Tracy Beckerman More Content Now

To be perfectly honest, I did not need a large rodent with insomnia to convince me that we had six more weeks of winter. It’s been so cold outside lately that when I go out, my nostrils stick together. The dog is so hesitant to go out that he does his business right on the deck less than five feet from the door, and then gives me a look of contemptuous indignation when he comes back in the house 60 seconds later. Apparently, it’s not enough that we shovel a path out to the yard for him when it snows. Now he wants the path peppered with heat lamps like the fancy people in L.A. get when they eat out and the temperature dips below 70.

On the flip side, though, one day I accidentally left a bag of refrigerated groceries in the car and when I came down the next day all the food was frozen, so I guess there’s that.

When we had first looked for a house in the ‘burbs, I was actually the one to push for a place where we would have a change of seasons. But when I said a change of seasons, I meant, spring, summer and fall.

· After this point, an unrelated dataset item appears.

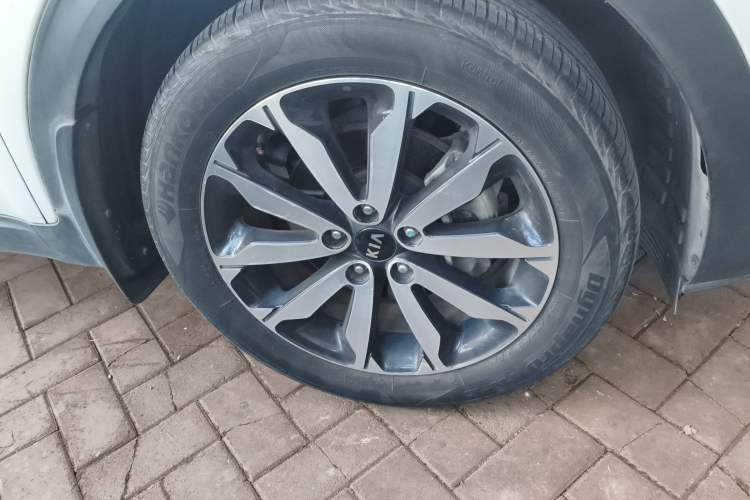 Used Kia KX5 2016 1.6T Automatic Two-Wheel Drive DLX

Not that other time of year when my driveway turns into the frozen tundra, my neighbors construct an igloo on their front lawn, and my friend Nanook invites me to go to our local lake to look for Narwhals.

Not being completely frozen-hearted, I do actually appreciate a good snowfall, and am just as excited as the kids when they suggest we build a snowman. Of course, when I say “build a snowman,” I mean, they go outside and freeze their patooties off while I sit by the fire with a warm mug of hot cocoa and watch reruns of Baywatch.

Clearly, many people have higher and lower thresholds for temperature comfort than I do. My parents, who live in Florida, put on their winter woolens when the temperature dips below 65. My friends who live in New Hampshire think spring has arrived when the temperature rises above 34. My comfort zone is actually between 70 and 72. If you weren’t counting, that means I’m happiest when it is 71 in the house. I’m so sensitive to this, in fact, that if my husband lowers the temperature by one degree, I will insist that he change it back or I will bury us beneath enough down comforters that he will wake up in the middle of the night wondering if he had been smothered by Jabba the Hutt. He may, in fact, be the only man on the planet who prays for his wife to go through menopause so I will have my own internal source of volcanic hot flashes.

Meanwhile, back at the north pole, my husband suggested we go skiing for the weekend. To be honest, I don’t actually ski. I slush. I have heated boots, mittens, and a heating pad that goes on my bottom. The result is that when I ski, I leave a stream of melted snow in my wake so that the next person behind me can actually water ski, rather than snow ski. Still, there are some temperatures that even I won’t venture out in, because, seriously, who in their right mind would think it’s fun to propel yourself down a mountain with 25 mph winds when it is THREE degrees out. I thought about it for three seconds — one for every degree it was outside — and then I emphatically told him he was out of his mind.

In all honestly, there are really only three situations when I would go outside if it were three degrees out:
1. My house is on fire (and even then, I would probably stay longer than I should to enjoy the warmth of the inferno.)
2. My neighbor’s house is on fire (and then I would just usher everyone into their emergency igloo).
3. I was captured by the Abominable Snowman, which would be okay, as long as he keeps his house between 70 and 72.